Happened once (?) while testing https://github.com/bitcoin/bitcoin/pull/30975.
https://github.com/bitcoin/bitcoin/actions/runs/12826202676/job/35765674846?pr=30975#step:7:3078
I haven’t been able yet to reproduce locally.
Happened once (?) while testing https://github.com/bitcoin/bitcoin/pull/30975.
https://github.com/bitcoin/bitcoin/actions/runs/12826202676/job/35765674846?pr=30975#step:7:3078
I haven’t been able yet to reproduce locally.
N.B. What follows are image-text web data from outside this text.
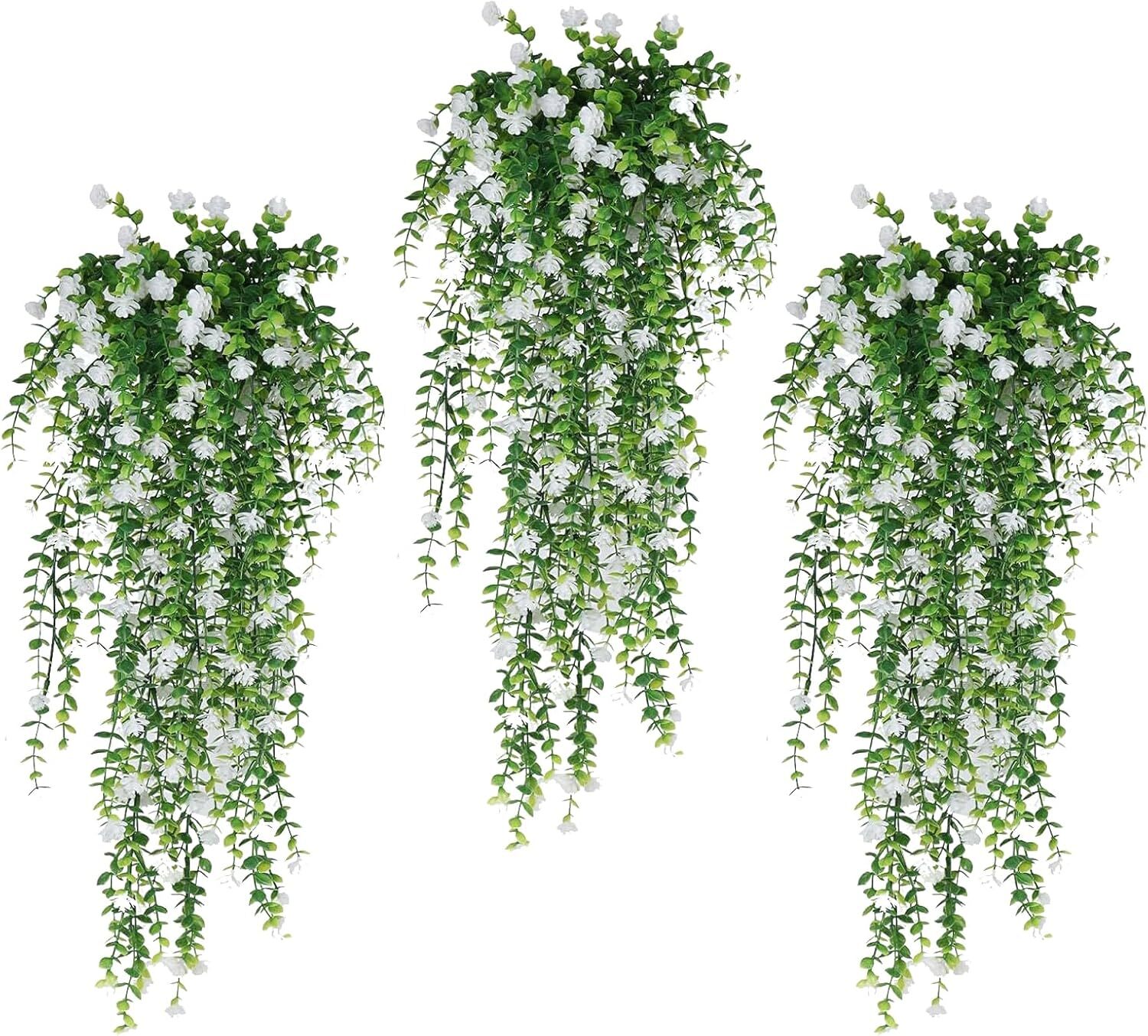 4Pcs Artificial Hanging Plants Fake Boston Ferns Wall Home Garden Outdoor Decor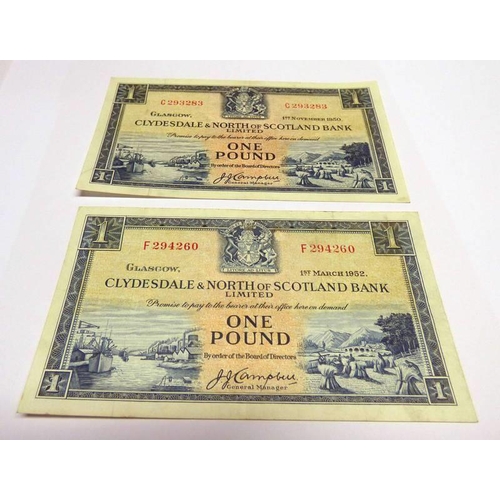 2439 - 1950 CLYDESDALE & NORTH OF SCOTLAND BANK ONE POUND BANKNOTE, C293283, AND 1952 CLYDESDALE & NORTH OF... 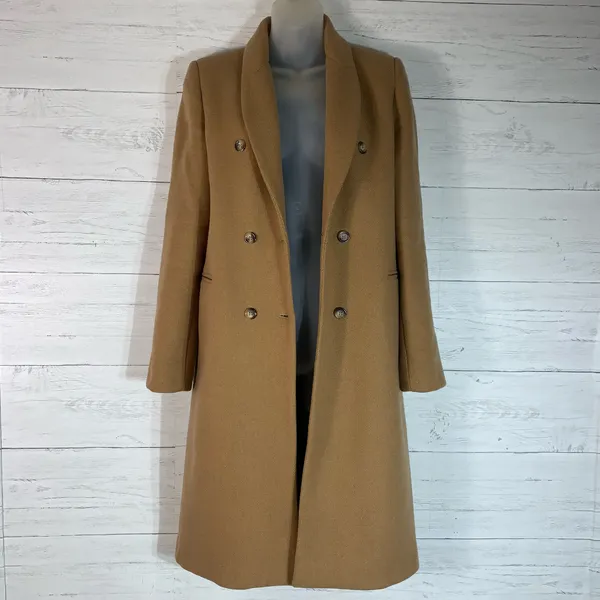 Rebel Queen camel double breasted wool blend pea coat size 42 - Image 3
So far I tried on (M4) macOS 15.2 with commit 9a90f964a3c4fe75477926d34b7f1813b144449d:
0cmake -B build -DWITH_MULTIPROCESS=ON
1cmake --build build
2BITCOIND=$(pwd)/build/src/bitcoin-node build/test/functional/rpc_misc.py
Using multiprocess master @ 3b2617b3e59f55ae3501c82a62c87f393077779f
From the CI link above the error seems to be:
0node0 stderr libc++abi: terminating due to uncaught exception of type std::__1::system_error: mutex lock failed: Invalid argument
which according to https://stackoverflow.com/questions/66773247/libcabi-dylib-terminating-with-uncaught-exception-of-type-std-1system-er “typically happens when .lock() is called on a mutex that is not yet constructed, or has already been destructed.”
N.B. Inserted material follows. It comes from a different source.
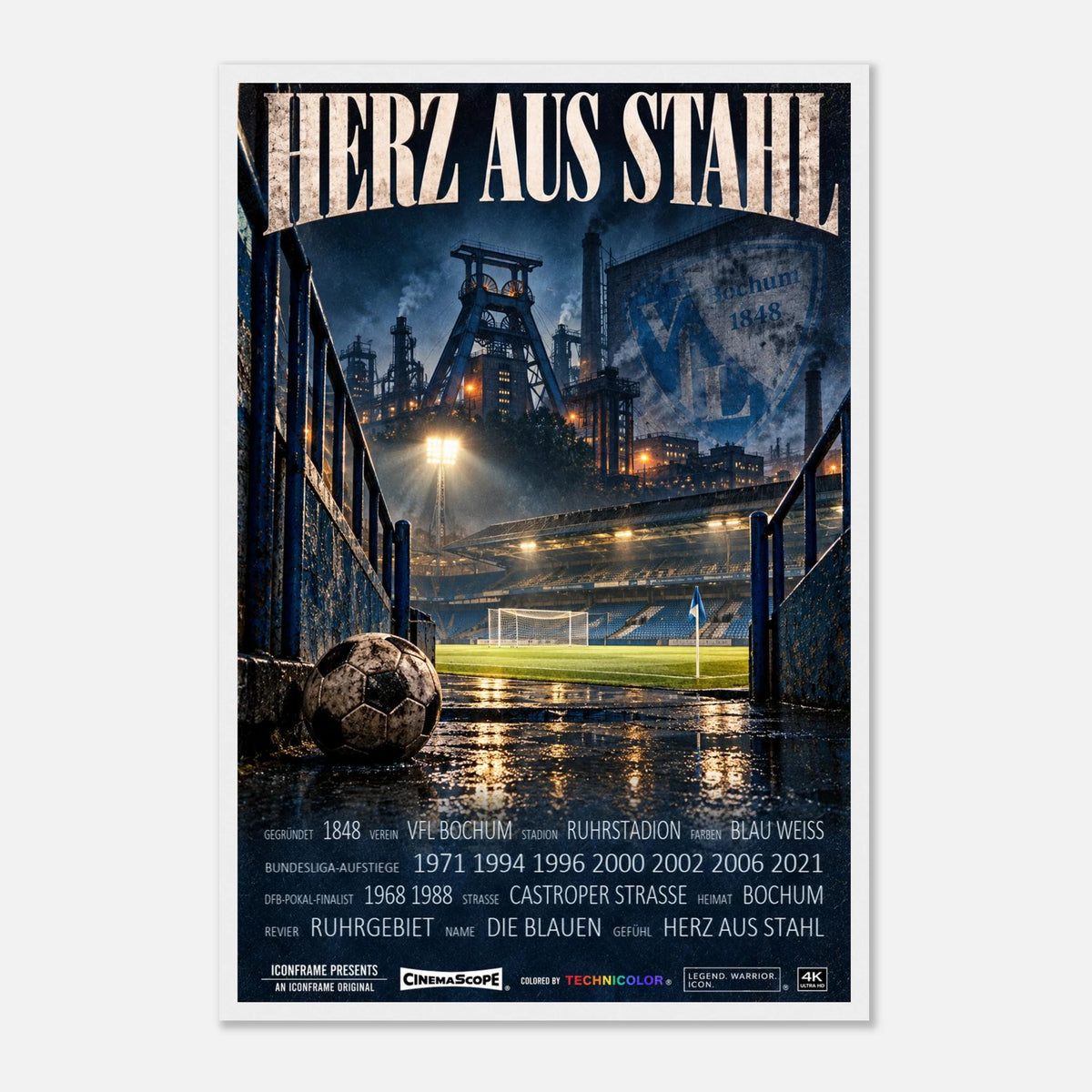 VfL Bochum Poster „Herz aus Stahl“ – 40 × 60 cm, mit weißem Holzrahmen vor hellem Hintergrund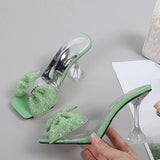 Murioki-Size 34-46 Summer Party Slippers Fashion Green Rhinestone Bow Heels Sandals Women Square Open Toe PVC Transparent Shoes Slides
In the test, the error happens when the node is shutting down after an echoipc call has been made:
Another CI failure on the same test, this time on centOS. I’m unsure if it’s the same issue:
https://cirrus-ci.com/task/6027377219731456?logs=ci#L4105
0raise AssertionError("Unexpected stderr {} != {}".format(stderr, expected_stderr))
1AssertionError: Unexpected stderr terminate called after throwing an instance of 'kj::ExceptionImpl'
2what(): mp/proxy.cpp:242: disconnected: write(m_post_fd, &buffer, 1): Broken pipe
The failure on centos https://cirrus-ci.com/task/6027377219731456?logs=ci#L4111 also reported https://github.com/bitcoin/bitcoin/pull/30975#issuecomment-2603827142 is happening in nearly the same place as originally reported failure on macos, when the test tries to stop the node on line https://github.com/bitcoin/bitcoin/blob/11b293a9e7e89f25acc74d0bda5cc68cd164b551/test/functional/rpc_misc.py#L83 after an echoipc call is made.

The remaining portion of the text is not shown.